非公式だった元祖吸血鬼映画を正統なものに!リメイク版『ノスフェラトゥ』や『死霊伝説』、『ブレイド2』に与えた影響をたどる
『ライトハウス』(19)、そして『ノースマン 導かれし復讐者』(22)のロバート・エガースによる新作ホラー『ノスフェラトゥ』(公開中)は、ドイツのフリードリヒ・ヴィルヘルム・ムルナウが監督し、1922年に公開されたサイレント映画『吸血鬼ノスフェラートゥ 恐怖の交響曲』(以下、『恐怖の交響曲』)のリメイクだ。
「吸血鬼ドラキュラ」を非公式に潤色した『吸血鬼ノスフェラートゥ 恐怖の交響曲』
オリジナルは映画における最初期のヴァンパイア・ストーリーとして知られているが、1987年に出版された英アイルランドの作家ブラム・ストーカーによる古典小説「吸血鬼ドラキュラ」を非公式に潤色した、グレーないきさつを経ている。そのため著者の未亡人フローレンス・ストーカーは製作元のプラナフィルム社を相手に、著作権侵害で訴訟を起こしている。

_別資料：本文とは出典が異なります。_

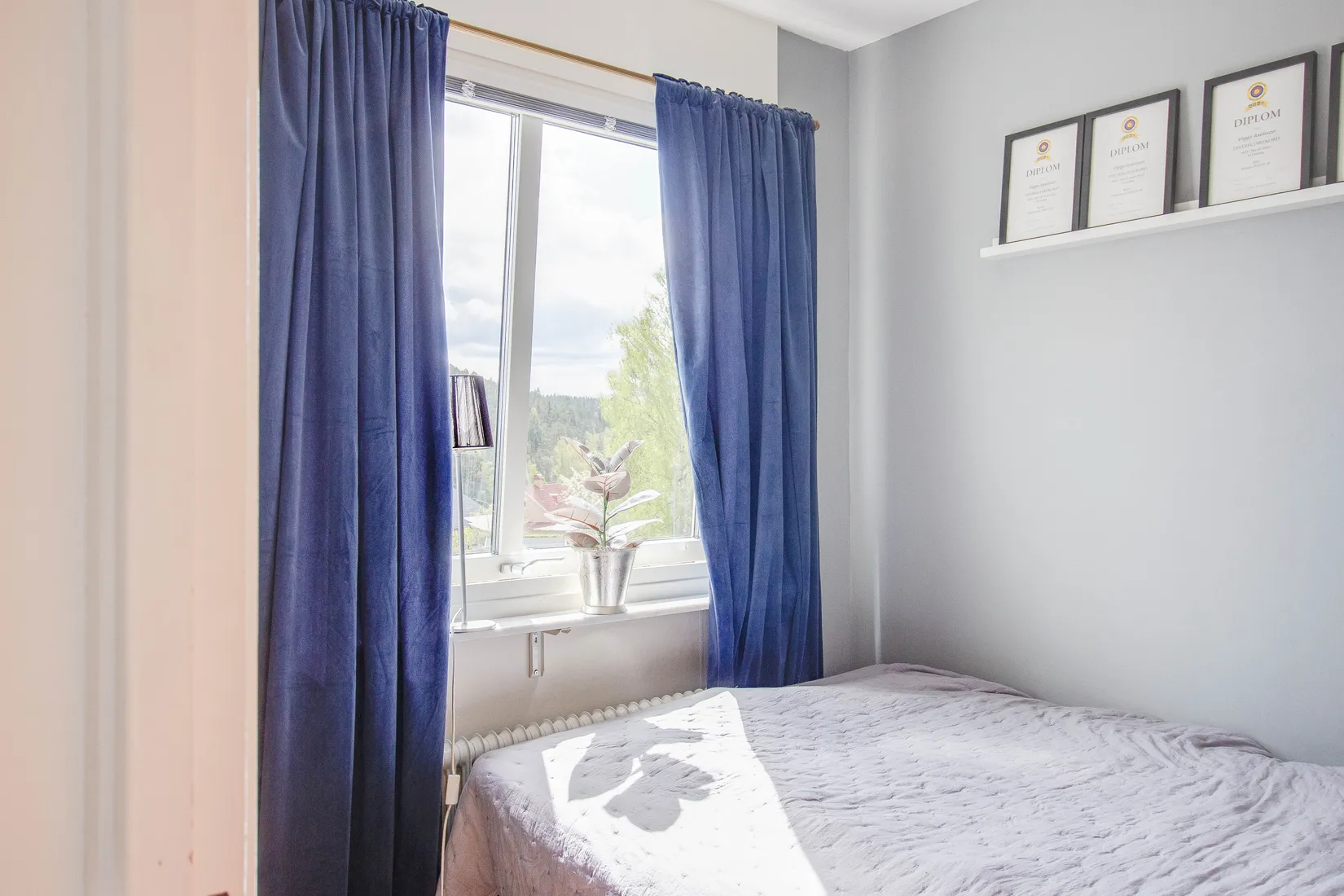 Bostadsrätt, Östra Bergsgatan 5A, Östra Berg, Tranås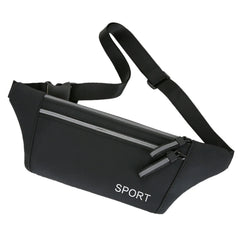 Outdoor Waist Fitness Sports Bag Men's Women's Chest Packs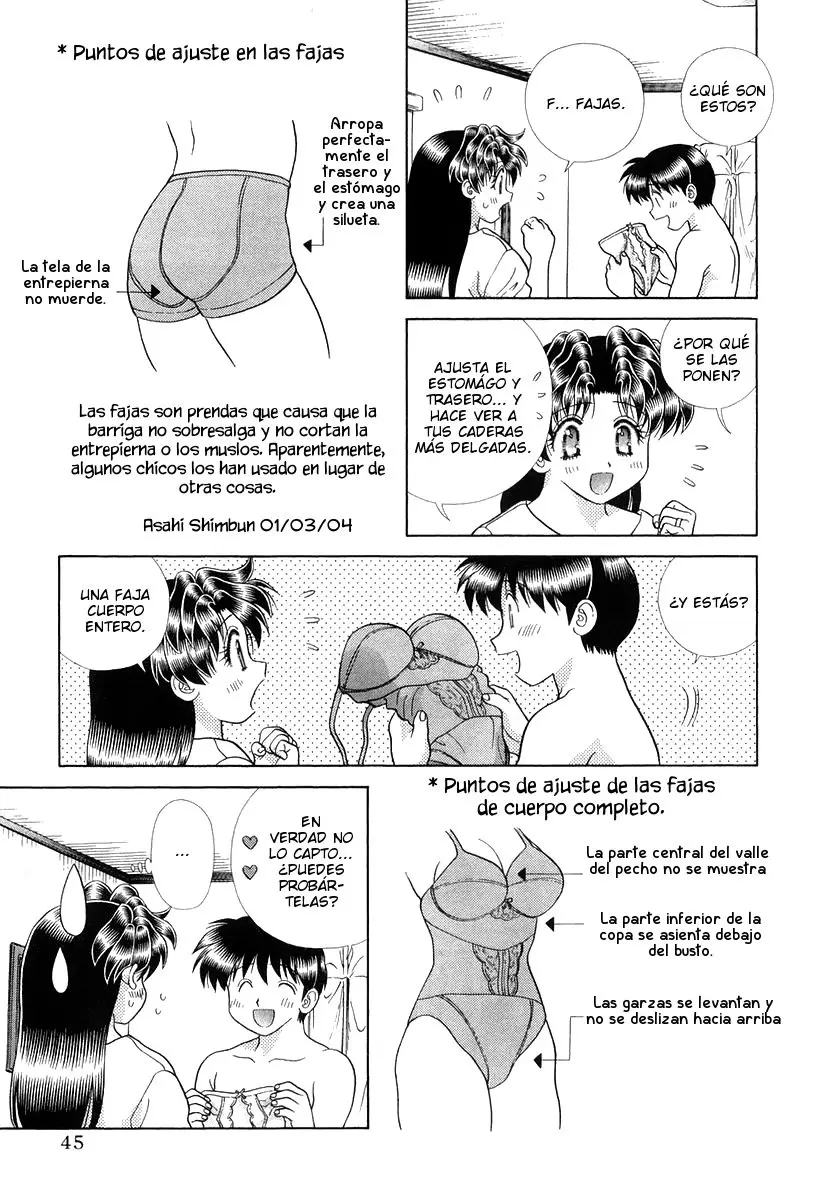Futari Ecchi (1997) - Capítulo 261 - Página 7 - LectorTMOo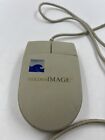 Commodore Amiga 500 2000  Mouse, Golden Image, Works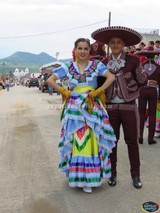 Aspectos del 2do. Festival de Tecalitlán los Sones 2017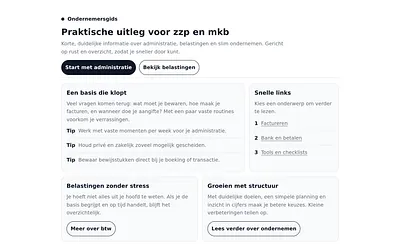 starten-ondernemen.nl snapshot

ドイツ裁判所は判決を「イギリスの著作権はドイツでも有効」と下し、『恐怖の交響曲』のネガとプリントの焼却命令が出された。しかし、破棄の明確な証明を規定しなかったため、いくつかのプリントは国外に流れ、完全な消滅を免れている。それは劇中さながら、越境してドイツ上陸を果たし、悪病を広める吸血鬼ノスフェラトゥことオルロック伯爵(マックス・シュレック)のようでもあった。
紳士的なドラキュア伯爵のキャラクターが確立される一方、『恐怖の交響曲』が後世に与えた影響も大きい
その後、ストーカーの原作はオフィシャルな承認を得たうえで『魔人ドラキュラ』(31)として映画化され、同作でベラ・ルゴシが演じた黒マントで紳士的な佇まいを見せるドラキュラ伯爵が、のちの吸血鬼像を決定づけていく。
しかし、『恐怖の交響曲』におけるオルロック伯爵の怪物然とした異貌は、トビー・フーパーが手掛けたテレフィーチャー『死霊伝説』(80)に登場する吸血鬼をはじめ、ギレルモ・デル・トロをメジャーに押し上げた『ブレイド2』(02)のリーパーズや、リチャード・マシスンによる黙示録小説「地球最後の男」(旧題「吸血鬼」)の再々映画化『アイ・アム・レジェンド』(07)における変異体ダークシーカーなどへと継受され、その影響力はとてつもなく大きい。